The majority of takeaway staples are bought in bulk bags of frozen and then fried/microwaved/shoved in a pan to order. Anybody could do that - if they have access to the supermarkets catering to that particular ethnicity and have the distinctive seasonings, etc, already in the house.
Cook book chefs are trying to flog an illusion that the purchaser is 'better' in a some way than the person who doesn't want to start deep frying chicken on a Friday night - or to entertain the person who sees a meal as a specific experience to shop for, prepare and cook, rather than a case of 'what's in the fridge? Hmm, that cauli looks a bit sad and there are a couple of potatoes going wrinkly. Potato and cauliflower curry it is, then'.
I am a good cook and can do the majority of takeaway meals easily - but there is no substitute for chip shop chips and just because I can cook these things doesn't mean that I have to do it all the fucking time. So DP gets sent out twice a month for takeaway.
You know what word I cannot bloody stand? ‘Fakeaway’
My favourite TV cooking series was Ching's Chinese Food in Minutes.
I always end up disappointed in take-aways, I feel guilty for spending so much and eating so many calories and fat.
I love some of the recipes from her book, once you have bought the basic spices in they last for ages and I'm happy the meals are tasty and healthier. I never deep fry so I do miss out on those things so ended up grabbing a sweet and sour pork recently.
I also love the book that teaches you how to make take-away Indian curries.
Having said that, nothing is going to get me to attempt my favourite Shish Shalshik kebab, it would cost a fortune to buy the lamb and I'd never be able to chargrill it like they do in the take away.
I love Ching too. But making Chinese food, or Indian food, or whatever, isn't a valid substitute for a takeaway. It's just making Chinese food or Indian food at home- which Chinese and Indian people do without pretending it's the same as a takeaway! I'm not knocking cooking these things yourself (I make a damn good curry as it happens) but the point of takeaways is NOT cooking.

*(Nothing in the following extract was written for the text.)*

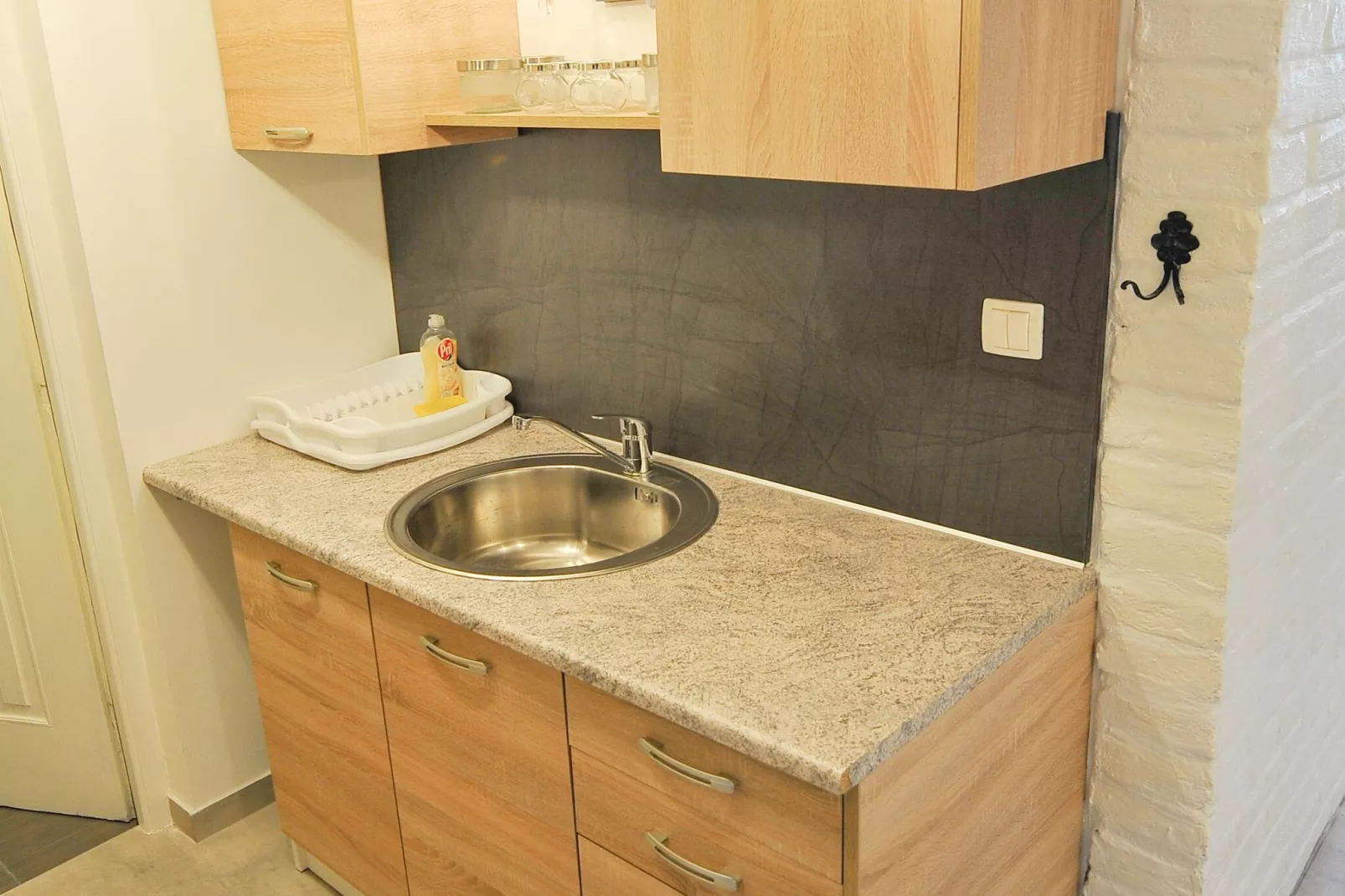 Relax and Rustic Apartments with Terrace - Classic One Bedroom Apartment with Terrace (owner Silvester)-Kitchen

I've never seen a chef say "Here's how to make a roast! After you've done it my way, I guarantee you'll never go to a carvery again!" - I rather suspect because most of these people have restaurants and don't want to discourage eating out. But it's every bit as daft.
Why pick up a takeaway on your way home from a trip away and you know you've got nothing in the fridge when you could easily pop to the local butcher and grocers to select some locally sourced seasonal produce and then whip up a delicious, nutrious meal which happens to share the same name and general idea as the take away?
I can sort of see the point for the people who have never tried cooking and are living off takeaways because they don't believe they can do it but that's not why I do takeaways.
I have this idea that rather than taking people from one extreme to the other they ought to slowly work down a scale. Replace takeaways/meals out with ready meals. Replace ready meals with jar of sauce/spice blends/pre prepared stuff. Then replace that with from scratch. (and then own butchery/animal husbandry).
'Why pick up a takeaway on your way home from a trip away and you know you've got nothing in the fridge when you could easily pop to the local butcher and grocers to select some locally sourced seasonal produce and then whip up a delicious, nutrious meal which happens to share the same name and general idea as the take away?'
Is this a joke? I genuinely can't tell
We have some good restaurants that quietly sell dishes on their menu as a takeaway. I have bought those and enjoyed them. Having said that I would rather eat a nice lunch and then have a snack at suppertime. There are a lot of specials at lunch time in many eateries two courses for reasonable prices.